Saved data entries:
★ ★ ★ ★ ★

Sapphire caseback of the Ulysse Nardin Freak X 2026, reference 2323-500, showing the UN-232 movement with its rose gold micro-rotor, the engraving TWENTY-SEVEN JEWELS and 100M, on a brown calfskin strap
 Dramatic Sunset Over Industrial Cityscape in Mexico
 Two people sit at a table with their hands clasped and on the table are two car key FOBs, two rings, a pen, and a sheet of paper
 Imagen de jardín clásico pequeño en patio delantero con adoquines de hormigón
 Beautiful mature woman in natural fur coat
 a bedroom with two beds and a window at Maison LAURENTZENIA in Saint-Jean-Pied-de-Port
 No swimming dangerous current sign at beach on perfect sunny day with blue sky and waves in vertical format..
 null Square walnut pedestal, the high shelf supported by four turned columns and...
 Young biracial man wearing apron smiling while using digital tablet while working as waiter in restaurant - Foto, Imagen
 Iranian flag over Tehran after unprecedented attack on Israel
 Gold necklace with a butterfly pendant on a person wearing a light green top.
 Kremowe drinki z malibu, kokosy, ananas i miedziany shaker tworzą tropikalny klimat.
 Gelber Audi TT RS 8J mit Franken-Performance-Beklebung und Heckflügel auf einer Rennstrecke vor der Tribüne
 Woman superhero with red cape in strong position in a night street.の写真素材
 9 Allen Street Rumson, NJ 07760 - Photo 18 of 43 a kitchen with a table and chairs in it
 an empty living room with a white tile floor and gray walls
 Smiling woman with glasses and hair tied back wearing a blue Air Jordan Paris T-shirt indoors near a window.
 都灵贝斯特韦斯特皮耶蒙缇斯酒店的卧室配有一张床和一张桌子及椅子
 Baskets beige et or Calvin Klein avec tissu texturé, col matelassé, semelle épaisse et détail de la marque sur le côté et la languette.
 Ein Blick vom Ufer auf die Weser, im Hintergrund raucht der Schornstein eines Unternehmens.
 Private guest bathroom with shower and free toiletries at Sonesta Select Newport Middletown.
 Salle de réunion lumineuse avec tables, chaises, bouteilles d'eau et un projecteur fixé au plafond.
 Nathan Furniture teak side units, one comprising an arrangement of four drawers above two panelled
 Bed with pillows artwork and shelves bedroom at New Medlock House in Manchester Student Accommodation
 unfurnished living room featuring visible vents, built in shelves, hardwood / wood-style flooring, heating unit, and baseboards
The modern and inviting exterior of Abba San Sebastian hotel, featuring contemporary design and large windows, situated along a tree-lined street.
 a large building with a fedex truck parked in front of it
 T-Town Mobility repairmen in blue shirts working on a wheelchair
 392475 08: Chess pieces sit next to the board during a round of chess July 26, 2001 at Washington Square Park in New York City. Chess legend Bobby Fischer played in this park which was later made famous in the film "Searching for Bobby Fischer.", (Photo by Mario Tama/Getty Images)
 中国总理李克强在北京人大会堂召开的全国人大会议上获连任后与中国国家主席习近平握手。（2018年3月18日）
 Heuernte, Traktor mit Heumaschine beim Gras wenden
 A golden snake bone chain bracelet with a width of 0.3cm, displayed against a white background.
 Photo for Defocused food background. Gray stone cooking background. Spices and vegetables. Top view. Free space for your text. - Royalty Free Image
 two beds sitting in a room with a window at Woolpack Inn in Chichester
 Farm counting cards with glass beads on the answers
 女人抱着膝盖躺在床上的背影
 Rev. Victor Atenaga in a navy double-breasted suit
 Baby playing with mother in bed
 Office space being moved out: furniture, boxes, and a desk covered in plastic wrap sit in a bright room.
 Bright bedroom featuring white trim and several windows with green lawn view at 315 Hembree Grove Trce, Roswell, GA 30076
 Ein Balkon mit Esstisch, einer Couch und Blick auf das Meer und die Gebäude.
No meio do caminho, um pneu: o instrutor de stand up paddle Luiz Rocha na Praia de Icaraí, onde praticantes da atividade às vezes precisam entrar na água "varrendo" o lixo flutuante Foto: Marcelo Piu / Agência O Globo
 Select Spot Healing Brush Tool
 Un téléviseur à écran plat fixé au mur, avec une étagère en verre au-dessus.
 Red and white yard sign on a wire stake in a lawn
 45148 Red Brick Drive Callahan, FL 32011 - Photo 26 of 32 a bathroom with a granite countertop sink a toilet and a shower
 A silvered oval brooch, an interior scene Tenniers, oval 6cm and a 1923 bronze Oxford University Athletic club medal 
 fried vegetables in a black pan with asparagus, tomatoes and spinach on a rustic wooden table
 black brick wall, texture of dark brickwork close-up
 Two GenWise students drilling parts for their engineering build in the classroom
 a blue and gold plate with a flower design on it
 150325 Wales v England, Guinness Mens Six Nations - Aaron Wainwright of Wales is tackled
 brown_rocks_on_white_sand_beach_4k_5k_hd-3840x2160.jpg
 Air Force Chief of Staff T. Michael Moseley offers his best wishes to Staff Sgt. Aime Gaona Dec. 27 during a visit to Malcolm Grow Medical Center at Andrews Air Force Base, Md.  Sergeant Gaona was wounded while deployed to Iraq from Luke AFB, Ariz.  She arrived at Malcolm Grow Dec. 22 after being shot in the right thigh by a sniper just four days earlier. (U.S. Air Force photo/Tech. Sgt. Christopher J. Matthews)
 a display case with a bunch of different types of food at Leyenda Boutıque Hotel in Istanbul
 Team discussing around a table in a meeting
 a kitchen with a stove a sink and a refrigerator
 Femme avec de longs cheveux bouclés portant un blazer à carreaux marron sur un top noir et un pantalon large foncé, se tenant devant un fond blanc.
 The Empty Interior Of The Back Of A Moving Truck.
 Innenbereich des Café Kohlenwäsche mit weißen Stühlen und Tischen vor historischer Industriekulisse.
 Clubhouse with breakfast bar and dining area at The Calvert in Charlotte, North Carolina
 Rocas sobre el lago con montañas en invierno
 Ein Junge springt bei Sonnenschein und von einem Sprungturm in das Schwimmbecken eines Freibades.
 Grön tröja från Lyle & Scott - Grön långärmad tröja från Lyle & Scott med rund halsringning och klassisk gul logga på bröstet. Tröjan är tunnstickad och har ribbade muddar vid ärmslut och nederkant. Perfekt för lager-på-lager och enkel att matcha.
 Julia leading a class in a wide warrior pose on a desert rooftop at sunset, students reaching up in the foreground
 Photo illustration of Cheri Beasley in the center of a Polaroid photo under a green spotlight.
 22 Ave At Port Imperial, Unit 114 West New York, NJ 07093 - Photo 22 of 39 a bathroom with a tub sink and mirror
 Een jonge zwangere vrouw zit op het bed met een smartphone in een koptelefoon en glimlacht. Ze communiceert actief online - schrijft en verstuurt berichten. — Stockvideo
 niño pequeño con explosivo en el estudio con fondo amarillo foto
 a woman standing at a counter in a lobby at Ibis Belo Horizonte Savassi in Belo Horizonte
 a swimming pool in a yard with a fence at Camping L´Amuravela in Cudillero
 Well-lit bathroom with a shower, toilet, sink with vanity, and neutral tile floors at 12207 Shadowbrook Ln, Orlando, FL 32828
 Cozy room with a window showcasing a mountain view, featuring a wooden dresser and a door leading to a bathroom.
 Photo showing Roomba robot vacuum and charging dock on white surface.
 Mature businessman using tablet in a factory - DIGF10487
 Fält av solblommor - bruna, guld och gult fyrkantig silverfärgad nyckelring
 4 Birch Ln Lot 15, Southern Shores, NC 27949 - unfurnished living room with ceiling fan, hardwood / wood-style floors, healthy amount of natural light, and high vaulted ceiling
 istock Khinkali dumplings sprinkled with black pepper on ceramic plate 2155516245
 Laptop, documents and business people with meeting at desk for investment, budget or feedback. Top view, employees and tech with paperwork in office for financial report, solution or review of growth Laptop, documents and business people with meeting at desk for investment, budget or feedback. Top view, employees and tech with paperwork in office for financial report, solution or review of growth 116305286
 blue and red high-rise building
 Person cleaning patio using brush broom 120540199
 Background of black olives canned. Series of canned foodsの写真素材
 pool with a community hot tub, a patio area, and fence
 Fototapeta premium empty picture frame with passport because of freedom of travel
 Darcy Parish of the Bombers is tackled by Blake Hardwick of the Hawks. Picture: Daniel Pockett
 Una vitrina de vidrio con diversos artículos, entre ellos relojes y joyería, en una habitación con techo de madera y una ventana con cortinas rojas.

★ ★ ★ ★ ★

## Exercise directions:
In the records above, find the line containing "Dramatic Sunset Over" and restate word for word every line from the first through that one.

## Result of this exercise:
Sapphire caseback of the Ulysse Nardin Freak X 2026, reference 2323-500, showing the UN-232 movement with its rose gold micro-rotor, the engraving TWENTY-SEVEN JEWELS and 100M, on a brown calfskin strap
 Dramatic Sunset Over Industrial Cityscape in Mexico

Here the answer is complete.